(Material shown Opens)
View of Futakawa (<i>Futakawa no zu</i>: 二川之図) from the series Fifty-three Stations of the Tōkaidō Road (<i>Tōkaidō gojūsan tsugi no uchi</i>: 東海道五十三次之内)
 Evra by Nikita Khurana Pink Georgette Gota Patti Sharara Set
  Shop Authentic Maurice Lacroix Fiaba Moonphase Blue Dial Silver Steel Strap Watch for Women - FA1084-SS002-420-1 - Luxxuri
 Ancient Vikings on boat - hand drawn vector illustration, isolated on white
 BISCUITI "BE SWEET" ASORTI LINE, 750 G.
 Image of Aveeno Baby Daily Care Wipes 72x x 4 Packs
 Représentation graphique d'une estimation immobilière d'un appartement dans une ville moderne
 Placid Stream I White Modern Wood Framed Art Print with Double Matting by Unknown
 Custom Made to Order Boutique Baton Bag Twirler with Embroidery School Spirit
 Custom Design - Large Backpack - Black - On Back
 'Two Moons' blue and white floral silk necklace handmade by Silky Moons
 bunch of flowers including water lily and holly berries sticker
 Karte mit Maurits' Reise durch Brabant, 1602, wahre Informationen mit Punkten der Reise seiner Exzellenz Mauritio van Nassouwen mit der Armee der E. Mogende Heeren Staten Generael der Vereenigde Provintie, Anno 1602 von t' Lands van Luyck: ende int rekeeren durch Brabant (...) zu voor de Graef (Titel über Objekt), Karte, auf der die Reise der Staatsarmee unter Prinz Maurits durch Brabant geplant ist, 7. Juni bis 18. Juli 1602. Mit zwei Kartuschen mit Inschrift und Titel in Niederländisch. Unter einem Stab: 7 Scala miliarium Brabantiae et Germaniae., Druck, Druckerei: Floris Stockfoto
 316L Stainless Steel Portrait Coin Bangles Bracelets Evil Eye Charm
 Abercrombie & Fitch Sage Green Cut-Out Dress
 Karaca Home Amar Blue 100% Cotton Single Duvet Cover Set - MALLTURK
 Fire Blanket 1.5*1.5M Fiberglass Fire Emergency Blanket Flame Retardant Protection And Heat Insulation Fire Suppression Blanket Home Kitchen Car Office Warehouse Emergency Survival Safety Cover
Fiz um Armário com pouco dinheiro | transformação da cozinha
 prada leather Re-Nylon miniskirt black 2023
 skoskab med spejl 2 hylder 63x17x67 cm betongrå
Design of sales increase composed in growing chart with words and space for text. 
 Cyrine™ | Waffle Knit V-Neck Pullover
(Material shown Closes)
Task requirements. What lines in the listing above contain the word "Design"? Show each one.

Task solution.
 Custom Design - Large Backpack - Black - On Back
Design of sales increase composed in growing chart with words and space for text. 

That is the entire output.